═══ Extracted records ═══

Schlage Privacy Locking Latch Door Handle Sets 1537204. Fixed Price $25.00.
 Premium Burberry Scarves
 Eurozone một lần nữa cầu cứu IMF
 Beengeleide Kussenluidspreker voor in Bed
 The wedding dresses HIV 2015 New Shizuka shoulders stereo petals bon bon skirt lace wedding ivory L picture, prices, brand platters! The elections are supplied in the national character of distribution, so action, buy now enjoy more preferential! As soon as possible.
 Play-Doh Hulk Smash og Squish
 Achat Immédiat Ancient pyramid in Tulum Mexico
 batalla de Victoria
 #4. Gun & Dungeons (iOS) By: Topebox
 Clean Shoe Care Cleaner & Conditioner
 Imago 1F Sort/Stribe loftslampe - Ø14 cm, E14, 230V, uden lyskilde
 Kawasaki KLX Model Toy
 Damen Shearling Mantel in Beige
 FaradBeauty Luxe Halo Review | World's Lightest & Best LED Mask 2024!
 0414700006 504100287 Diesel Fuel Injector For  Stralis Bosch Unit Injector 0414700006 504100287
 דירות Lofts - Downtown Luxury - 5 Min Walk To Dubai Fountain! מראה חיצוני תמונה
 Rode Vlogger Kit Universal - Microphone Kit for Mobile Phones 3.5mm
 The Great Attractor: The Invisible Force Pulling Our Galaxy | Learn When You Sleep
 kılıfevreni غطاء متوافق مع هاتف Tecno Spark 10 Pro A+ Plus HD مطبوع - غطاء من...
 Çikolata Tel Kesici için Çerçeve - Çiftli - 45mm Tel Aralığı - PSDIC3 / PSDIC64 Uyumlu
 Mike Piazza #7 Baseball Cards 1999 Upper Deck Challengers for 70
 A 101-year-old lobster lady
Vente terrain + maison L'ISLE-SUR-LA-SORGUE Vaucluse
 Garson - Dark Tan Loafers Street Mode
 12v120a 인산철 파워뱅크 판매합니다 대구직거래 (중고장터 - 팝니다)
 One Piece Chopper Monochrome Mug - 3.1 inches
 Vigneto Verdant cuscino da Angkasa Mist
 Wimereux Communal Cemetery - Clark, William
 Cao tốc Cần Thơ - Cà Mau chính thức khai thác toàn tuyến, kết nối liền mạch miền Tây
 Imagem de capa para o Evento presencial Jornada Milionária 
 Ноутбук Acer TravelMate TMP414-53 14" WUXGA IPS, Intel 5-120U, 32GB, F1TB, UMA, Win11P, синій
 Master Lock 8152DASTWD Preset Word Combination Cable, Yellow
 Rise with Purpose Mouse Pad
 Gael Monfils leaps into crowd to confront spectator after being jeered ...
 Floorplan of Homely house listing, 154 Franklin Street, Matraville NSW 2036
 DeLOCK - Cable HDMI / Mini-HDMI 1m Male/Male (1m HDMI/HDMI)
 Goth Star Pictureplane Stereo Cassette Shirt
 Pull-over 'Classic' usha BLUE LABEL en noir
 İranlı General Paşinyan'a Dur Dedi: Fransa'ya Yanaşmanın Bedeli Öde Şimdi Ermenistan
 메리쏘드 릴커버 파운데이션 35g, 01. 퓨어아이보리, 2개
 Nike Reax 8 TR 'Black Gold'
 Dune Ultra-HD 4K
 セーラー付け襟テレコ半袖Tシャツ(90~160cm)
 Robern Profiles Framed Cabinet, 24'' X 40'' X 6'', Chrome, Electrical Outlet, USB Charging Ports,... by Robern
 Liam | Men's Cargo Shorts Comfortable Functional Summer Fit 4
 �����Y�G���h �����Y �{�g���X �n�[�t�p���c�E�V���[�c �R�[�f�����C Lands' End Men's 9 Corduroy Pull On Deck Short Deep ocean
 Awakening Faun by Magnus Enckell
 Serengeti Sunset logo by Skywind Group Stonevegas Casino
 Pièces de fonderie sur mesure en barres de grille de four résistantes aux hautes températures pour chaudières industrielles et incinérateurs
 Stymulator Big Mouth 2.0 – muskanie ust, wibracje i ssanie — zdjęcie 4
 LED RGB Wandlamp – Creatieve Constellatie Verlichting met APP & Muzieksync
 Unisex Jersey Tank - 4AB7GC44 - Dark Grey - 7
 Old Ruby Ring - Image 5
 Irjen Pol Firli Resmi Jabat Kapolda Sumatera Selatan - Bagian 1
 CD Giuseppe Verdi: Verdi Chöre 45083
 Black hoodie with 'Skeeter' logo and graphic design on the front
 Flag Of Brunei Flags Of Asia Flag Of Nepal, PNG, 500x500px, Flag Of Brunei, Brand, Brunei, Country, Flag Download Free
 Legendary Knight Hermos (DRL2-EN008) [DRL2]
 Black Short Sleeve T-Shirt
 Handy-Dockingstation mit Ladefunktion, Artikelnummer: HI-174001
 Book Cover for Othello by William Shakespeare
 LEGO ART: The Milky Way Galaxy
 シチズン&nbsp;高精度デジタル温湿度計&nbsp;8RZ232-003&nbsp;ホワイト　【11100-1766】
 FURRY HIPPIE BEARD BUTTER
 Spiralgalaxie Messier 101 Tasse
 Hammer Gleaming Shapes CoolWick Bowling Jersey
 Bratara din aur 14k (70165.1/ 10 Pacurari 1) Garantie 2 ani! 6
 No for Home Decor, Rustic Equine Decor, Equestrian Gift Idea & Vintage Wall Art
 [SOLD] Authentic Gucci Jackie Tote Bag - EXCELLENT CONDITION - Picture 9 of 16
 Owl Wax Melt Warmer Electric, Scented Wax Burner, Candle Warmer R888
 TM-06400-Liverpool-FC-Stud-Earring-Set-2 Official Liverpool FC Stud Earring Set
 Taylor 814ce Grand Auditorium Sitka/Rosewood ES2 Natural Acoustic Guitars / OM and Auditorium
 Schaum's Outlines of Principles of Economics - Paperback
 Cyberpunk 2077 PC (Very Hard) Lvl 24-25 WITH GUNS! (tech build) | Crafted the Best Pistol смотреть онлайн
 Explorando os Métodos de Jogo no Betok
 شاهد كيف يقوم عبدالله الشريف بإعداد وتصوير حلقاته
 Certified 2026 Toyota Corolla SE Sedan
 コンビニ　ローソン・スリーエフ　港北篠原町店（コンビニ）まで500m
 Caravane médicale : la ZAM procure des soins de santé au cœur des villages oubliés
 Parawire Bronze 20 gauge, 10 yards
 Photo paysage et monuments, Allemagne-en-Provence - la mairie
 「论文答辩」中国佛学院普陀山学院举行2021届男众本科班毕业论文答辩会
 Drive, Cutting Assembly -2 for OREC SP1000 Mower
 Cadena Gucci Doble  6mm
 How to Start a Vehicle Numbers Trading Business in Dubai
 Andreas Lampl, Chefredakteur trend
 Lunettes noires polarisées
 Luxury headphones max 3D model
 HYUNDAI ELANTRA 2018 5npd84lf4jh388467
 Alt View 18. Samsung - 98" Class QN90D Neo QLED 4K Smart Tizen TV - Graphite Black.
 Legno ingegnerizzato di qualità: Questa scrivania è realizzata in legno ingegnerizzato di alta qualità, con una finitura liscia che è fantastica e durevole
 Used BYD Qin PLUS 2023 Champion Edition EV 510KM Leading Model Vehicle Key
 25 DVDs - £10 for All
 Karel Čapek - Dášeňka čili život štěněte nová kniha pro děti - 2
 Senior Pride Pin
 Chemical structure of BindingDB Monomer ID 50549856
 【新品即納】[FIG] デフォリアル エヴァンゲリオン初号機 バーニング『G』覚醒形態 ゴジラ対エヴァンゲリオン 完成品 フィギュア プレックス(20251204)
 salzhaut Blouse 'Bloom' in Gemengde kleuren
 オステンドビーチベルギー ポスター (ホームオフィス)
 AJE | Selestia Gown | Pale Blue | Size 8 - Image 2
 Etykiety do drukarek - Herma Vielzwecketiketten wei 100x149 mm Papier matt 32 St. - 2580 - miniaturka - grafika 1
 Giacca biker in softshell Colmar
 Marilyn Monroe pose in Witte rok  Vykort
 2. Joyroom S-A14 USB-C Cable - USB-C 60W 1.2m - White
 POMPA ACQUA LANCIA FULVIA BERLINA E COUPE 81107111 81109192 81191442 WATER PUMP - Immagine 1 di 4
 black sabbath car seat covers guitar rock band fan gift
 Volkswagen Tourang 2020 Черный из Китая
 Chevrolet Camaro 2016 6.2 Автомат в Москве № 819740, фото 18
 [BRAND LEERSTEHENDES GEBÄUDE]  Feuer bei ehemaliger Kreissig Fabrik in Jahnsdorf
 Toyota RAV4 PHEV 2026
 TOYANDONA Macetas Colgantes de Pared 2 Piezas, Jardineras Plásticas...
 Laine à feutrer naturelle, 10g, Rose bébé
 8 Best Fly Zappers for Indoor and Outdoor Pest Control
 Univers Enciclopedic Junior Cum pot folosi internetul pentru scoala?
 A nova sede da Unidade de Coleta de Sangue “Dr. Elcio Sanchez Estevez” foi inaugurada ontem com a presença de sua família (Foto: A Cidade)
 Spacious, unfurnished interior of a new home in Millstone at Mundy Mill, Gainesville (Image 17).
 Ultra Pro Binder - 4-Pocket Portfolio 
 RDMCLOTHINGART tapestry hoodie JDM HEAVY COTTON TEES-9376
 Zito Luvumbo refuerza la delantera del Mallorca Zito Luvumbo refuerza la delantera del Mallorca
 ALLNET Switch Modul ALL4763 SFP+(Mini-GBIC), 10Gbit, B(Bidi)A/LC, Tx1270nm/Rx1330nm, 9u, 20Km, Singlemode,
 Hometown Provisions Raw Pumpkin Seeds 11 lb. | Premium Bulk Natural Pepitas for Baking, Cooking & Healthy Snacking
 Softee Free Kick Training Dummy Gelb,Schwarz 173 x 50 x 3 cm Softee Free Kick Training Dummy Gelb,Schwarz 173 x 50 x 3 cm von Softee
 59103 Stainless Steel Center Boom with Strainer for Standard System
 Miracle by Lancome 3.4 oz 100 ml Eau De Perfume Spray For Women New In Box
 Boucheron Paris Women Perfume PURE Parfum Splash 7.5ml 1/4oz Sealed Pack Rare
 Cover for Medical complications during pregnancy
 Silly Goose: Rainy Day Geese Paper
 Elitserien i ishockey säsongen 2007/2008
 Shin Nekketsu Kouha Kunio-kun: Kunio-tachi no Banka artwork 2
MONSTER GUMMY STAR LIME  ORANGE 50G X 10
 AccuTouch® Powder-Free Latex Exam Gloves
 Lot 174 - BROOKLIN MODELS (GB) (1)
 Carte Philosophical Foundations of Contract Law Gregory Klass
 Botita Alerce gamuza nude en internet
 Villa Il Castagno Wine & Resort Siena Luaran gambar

═══

The problem = Every line that contains the string "Free" should be copied from the records.

Answer section =
 Flag Of Brunei Flags Of Asia Flag Of Nepal, PNG, 500x500px, Flag Of Brunei, Brand, Brunei, Country, Flag Download Free
 Softee Free Kick Training Dummy Gelb,Schwarz 173 x 50 x 3 cm Softee Free Kick Training Dummy Gelb,Schwarz 173 x 50 x 3 cm von Softee
 AccuTouch® Powder-Free Latex Exam Gloves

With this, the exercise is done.